Records excerpted from a collection
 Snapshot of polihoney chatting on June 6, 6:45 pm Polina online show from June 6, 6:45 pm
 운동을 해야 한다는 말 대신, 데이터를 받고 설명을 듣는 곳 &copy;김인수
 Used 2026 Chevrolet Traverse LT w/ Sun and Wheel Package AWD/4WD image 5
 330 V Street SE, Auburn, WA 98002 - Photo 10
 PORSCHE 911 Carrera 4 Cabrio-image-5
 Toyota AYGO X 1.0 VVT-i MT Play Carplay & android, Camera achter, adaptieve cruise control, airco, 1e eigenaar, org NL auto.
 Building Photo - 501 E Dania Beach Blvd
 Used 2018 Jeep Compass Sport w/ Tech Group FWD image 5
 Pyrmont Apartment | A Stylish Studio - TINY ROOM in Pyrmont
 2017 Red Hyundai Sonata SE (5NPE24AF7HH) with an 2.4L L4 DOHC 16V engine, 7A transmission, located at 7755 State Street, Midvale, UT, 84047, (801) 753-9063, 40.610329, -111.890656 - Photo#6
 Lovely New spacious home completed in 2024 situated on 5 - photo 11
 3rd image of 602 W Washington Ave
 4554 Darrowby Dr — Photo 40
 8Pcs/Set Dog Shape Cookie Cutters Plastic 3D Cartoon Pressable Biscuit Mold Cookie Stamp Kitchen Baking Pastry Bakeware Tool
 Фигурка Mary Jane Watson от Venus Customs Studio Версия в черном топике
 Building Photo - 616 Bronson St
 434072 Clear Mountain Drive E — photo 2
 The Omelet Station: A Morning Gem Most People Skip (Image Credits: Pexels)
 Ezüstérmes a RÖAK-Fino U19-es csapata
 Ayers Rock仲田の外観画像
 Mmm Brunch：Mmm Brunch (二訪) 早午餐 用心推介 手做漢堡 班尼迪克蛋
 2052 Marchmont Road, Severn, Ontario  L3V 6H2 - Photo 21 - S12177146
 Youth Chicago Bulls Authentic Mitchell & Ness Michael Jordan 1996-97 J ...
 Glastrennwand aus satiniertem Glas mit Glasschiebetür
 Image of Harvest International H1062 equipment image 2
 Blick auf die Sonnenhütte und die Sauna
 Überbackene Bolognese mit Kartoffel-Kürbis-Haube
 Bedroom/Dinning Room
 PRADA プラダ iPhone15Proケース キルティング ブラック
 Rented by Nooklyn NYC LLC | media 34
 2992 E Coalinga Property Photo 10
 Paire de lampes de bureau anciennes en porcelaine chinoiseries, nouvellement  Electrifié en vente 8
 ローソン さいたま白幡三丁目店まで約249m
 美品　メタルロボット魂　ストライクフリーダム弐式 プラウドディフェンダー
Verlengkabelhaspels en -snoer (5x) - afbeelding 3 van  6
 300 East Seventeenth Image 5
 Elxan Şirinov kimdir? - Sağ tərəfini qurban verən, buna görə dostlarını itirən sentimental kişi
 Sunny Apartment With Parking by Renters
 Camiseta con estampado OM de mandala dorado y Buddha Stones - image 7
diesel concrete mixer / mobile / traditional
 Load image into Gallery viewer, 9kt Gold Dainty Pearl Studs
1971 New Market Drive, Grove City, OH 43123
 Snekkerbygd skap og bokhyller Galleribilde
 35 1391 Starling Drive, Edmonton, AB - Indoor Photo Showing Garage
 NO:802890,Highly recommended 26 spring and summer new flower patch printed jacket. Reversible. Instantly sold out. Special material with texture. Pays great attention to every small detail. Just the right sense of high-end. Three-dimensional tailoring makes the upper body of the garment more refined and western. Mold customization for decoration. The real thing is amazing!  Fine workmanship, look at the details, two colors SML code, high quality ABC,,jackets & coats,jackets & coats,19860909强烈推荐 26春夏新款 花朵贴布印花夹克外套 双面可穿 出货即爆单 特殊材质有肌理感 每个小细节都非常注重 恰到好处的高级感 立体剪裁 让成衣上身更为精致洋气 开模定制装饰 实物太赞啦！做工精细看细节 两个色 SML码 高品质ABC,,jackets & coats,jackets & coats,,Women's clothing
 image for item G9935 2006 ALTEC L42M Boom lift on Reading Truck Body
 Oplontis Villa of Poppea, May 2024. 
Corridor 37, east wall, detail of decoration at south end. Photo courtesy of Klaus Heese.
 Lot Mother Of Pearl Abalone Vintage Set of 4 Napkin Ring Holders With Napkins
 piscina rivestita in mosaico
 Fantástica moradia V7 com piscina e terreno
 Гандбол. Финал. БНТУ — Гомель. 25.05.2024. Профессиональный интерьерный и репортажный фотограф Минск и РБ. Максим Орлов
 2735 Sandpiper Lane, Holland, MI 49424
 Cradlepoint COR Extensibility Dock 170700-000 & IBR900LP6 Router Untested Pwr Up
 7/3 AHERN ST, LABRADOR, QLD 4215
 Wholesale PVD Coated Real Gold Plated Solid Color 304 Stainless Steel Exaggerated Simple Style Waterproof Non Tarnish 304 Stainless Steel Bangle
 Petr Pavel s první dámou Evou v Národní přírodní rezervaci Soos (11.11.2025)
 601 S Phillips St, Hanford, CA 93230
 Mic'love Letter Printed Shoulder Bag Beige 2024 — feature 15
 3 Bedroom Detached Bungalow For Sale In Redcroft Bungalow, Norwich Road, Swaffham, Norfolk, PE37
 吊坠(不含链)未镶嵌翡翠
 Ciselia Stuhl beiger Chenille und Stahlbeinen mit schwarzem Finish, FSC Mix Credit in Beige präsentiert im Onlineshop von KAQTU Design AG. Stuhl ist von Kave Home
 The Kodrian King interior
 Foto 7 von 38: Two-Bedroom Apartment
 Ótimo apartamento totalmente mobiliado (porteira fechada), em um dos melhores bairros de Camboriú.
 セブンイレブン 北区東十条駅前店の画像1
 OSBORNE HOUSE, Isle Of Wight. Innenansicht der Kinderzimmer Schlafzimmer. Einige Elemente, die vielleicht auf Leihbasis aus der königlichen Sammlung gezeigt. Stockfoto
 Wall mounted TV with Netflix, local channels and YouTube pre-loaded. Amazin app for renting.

### [Exercise aim]
Your task is to collect every line above that contains the word "Bedroom".

### [Answer box]
 Bedroom/Dinning Room
 3 Bedroom Detached Bungalow For Sale In Redcroft Bungalow, Norwich Road, Swaffham, Norfolk, PE37
 Foto 7 von 38: Two-Bedroom Apartment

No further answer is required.